In this 2021 paper published in Frontiers in Plant Science
, Feder et al.
present the analytical results of Cannabis
inflorescences that have been pollinated and fertilized, in an attempt to show that fertilization can affect phytocannabinoid accumulation, among other goals. Noting that growers have recently shifted to using seeds, which can despite feminization reveal to be male seeds five to ten percent of the time, the authors note that this type of research—rarely conducted—is particularly critical to answering questions about how pollination effects phytocannabinoid and terpenoid expression. After providing background information and reviewing materials and methods for their analyses, the authors discuss the results, noting in particular that "phytocannabinoid quantity predominately decreases after fertilization," terpenoid quantity can vary based upon the type of female plant, and that "individual terpenoid concentrations are differentially affected by fertilization." After further discussion, they conclude not only the three prior-mentioned findings, but they also by extension suggest that their findings indicate the "functional roles" of phytocannabinoids and terpenoids in Cannabis
's plant life cycle.
In this 2021 journal article published in Journal of Medical Biochemistry
, Arifin and Yusof of Universiti Kebangsaan Malaysia examine the error factors that come with using a laboratory information system (LIS) and propose the "total testing process for laboratory information systems" (TTP-LIS).
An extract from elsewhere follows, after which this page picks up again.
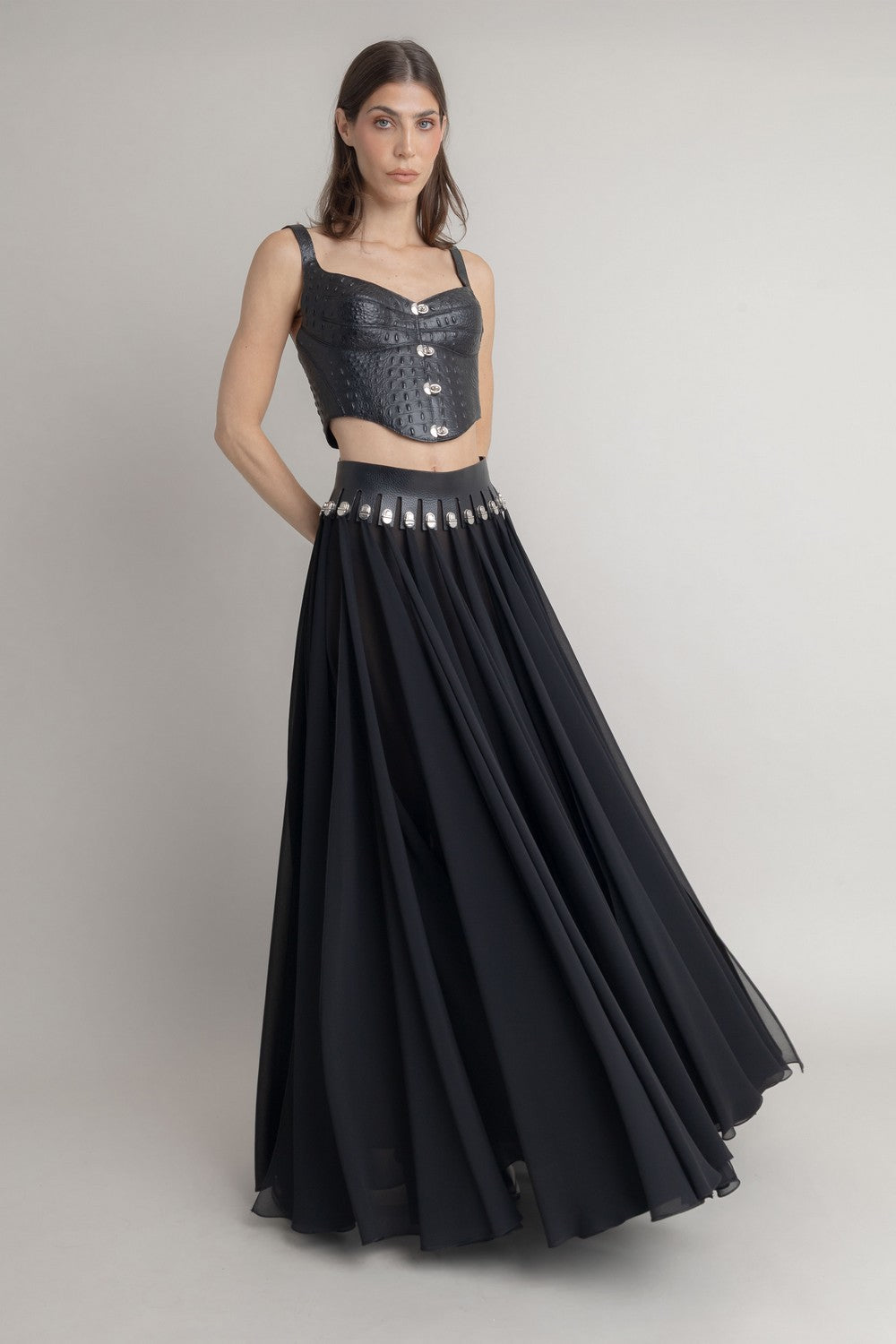 Crop Top Cocodrilo JORGE DUQUE CROP TOP Malva CO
This process leans on a variety of existing frameworks and lean quality improvement methods to meet the authors' needs and is applied to two large hospitals in Malaysia. After examining human, technology, and organizational factors, the authors discuss their findings, noting that their "findings showed the practicality of the TTP-LIS framework as an evaluation tool in identifying errors and their causal factors. The use of lean tools—namely, VSM, A3, and 5 Why—enabled us to analyze and visualize the root cause of problems in an objective and structured manner. " Those root causes were able to be categorized in three ways: "as a latent failure in system development, as poor error management, and as unsatisfactory lab testing processes and LIS use."